Intervista ad alcuni lavoratori della Innse presse di Milano, in lotta dal 31 maggio contro lo smantellamento della loro azienda. L’intervista è stata realizzata il 29 gennaio. Ulteriori informazioni sulla lotta sono reperibili sul blog http://www.myspace.com/presidioinnse.

Da dove è nata la determinazione di condurre una lotta di questa durata?
Probabilmente uno dei motivi è che abbiamo dietro una lunga storia, abbiamo alle spalle anni di lotta. Inoltre eravamo preparati, ne avevamo parlato fra noi già nei due anni precedenti, vedendo i personaggi che arrivavano c’era da aspettarselo.
Forse più inaspettato è stato il fatto di entrare e continuare a produrre da soli, avevamo dentro il lavoro e abbiamo fatto questa scelta. Il lavoro c’era, ci siamo detti “proseguiamo”.
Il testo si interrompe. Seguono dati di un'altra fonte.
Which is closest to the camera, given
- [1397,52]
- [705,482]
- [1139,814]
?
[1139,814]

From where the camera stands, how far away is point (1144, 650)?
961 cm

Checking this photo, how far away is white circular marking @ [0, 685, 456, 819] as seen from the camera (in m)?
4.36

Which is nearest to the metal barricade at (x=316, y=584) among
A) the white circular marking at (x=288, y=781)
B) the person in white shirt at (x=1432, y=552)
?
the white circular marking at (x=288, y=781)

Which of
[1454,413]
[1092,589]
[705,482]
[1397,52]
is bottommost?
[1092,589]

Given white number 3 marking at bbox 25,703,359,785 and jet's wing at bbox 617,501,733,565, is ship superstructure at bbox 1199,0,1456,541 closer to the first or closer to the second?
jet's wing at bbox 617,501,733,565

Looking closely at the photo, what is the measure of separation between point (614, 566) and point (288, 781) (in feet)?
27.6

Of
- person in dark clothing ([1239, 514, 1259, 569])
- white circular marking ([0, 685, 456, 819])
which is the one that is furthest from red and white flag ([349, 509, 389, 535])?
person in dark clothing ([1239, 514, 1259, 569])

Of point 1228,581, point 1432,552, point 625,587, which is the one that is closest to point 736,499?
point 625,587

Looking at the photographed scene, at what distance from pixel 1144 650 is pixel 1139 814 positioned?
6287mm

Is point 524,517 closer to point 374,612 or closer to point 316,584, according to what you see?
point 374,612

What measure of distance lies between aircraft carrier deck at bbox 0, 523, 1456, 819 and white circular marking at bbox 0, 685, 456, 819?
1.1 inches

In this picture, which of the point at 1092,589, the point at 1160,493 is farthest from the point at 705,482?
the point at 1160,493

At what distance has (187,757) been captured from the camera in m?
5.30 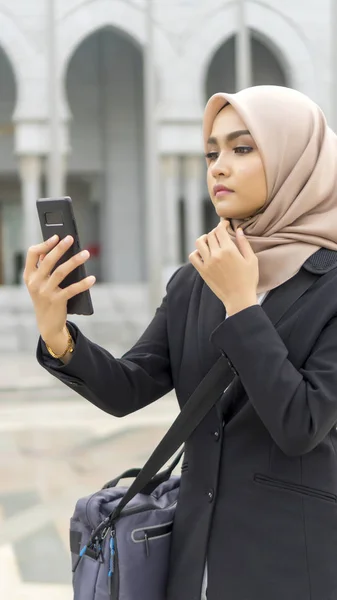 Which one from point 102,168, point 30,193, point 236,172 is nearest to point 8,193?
point 102,168

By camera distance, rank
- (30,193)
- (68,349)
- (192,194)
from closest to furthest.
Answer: (68,349), (30,193), (192,194)

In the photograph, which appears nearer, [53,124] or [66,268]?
[66,268]

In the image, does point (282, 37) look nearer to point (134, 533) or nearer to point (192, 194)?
point (192, 194)

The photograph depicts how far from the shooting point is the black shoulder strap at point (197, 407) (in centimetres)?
113

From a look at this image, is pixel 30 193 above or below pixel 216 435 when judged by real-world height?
below

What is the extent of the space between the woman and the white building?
9033mm

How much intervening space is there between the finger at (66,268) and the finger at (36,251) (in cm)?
4

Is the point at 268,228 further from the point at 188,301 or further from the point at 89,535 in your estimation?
the point at 89,535

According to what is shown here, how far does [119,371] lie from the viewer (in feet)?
4.27

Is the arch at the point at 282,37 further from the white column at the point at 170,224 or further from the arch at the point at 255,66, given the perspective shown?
the arch at the point at 255,66

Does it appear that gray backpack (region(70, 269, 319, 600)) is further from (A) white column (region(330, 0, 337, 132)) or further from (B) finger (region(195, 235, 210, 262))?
(A) white column (region(330, 0, 337, 132))

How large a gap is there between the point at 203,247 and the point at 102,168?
13.3m

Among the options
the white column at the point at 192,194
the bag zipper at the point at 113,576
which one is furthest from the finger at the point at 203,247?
the white column at the point at 192,194

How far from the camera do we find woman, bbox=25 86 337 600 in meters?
1.08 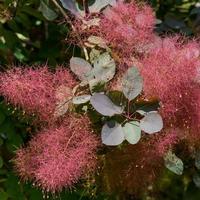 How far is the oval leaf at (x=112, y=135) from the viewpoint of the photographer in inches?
52.1

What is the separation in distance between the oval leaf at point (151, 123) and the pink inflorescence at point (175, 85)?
0.05m

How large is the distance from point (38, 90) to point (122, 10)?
30 centimetres

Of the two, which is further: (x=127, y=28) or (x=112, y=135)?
(x=127, y=28)

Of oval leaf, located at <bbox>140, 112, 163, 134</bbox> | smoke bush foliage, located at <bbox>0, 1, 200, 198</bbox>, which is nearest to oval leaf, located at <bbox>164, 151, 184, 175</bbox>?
smoke bush foliage, located at <bbox>0, 1, 200, 198</bbox>

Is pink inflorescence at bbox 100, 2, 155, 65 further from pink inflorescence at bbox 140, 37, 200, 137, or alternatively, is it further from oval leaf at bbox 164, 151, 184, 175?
oval leaf at bbox 164, 151, 184, 175

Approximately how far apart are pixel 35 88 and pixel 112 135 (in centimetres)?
21

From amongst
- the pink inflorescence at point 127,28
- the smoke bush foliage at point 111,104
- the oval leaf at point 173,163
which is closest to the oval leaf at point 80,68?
the smoke bush foliage at point 111,104

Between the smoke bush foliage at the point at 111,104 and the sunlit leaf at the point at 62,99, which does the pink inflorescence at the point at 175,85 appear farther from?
the sunlit leaf at the point at 62,99

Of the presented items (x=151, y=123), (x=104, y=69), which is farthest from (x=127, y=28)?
(x=151, y=123)

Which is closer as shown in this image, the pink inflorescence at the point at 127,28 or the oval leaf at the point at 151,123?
the oval leaf at the point at 151,123

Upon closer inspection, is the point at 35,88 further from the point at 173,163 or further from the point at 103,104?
the point at 173,163

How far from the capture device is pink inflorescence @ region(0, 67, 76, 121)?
1.40 metres

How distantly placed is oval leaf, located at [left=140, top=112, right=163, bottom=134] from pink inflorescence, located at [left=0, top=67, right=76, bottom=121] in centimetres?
19

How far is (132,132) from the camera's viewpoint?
1.34 m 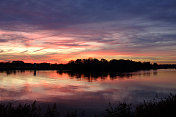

Cosa hanno significato quei tre mesi in cui siete stati dentro a lavorare, lavorare senza il padrone cosa ha cambiato nella testa degli lavoratori? E che tipo di gestione c’era?
Sinceramente è stata una scelta naturale

Eravate tutti?
Sì, infatti una delle cose più belle è stata proprio che c’eravamo tutti, dall’ingegnere responsabile della produzione, al direttore del personale fino agli operai. Era una fabbrica al completo… tranne il padrone!

…che come è noto è l’unico che non è indispensabile per produrre…
Eh sì! E anche la gerarchia di fabbrica è cambiata, l’ingegnere continuava a fare il suo lavoro da ingegnere, ma quando c’è stato da sobbarcarsi tutta la gestione e anche i servizi, la mensa ecc. ecco che anche l’ingegnere cessava di essere tale e lavava le pentole assieme agli altri.
Chi era fermo faceva altri servizi, chi era sulle macchine continuava a lavorare.

Che tipo di gestione c’era, come vi siete organizzati?
La notte che siamo entrati, il 31 maggio, c’è stato l’attimo necessario per capire cosa fare, poi è venuto quasi da sé. L’organizzazione è stata necessaria soprattutto per garantire i turni di presidio, l’idea era di proseguire nella normalità c’era una gestione accurata; per esempio se uno doveva stare assente veniva segnato il permesso o il giorno di ferie, si andava dal responsabile e si segnava. Per cui c’era una normalità, solo che dovevamo garantire la presenza anche di notte o il sabato e domenica e lì abbiamo cominciato a organizzare i turni.
Per quanto riguardava le lavorazioni non c’è stato bisogno di particolari decisioni, se uno era libero andava a dare una mano a un altro, ci siamo organizzati senza grosse difficoltà.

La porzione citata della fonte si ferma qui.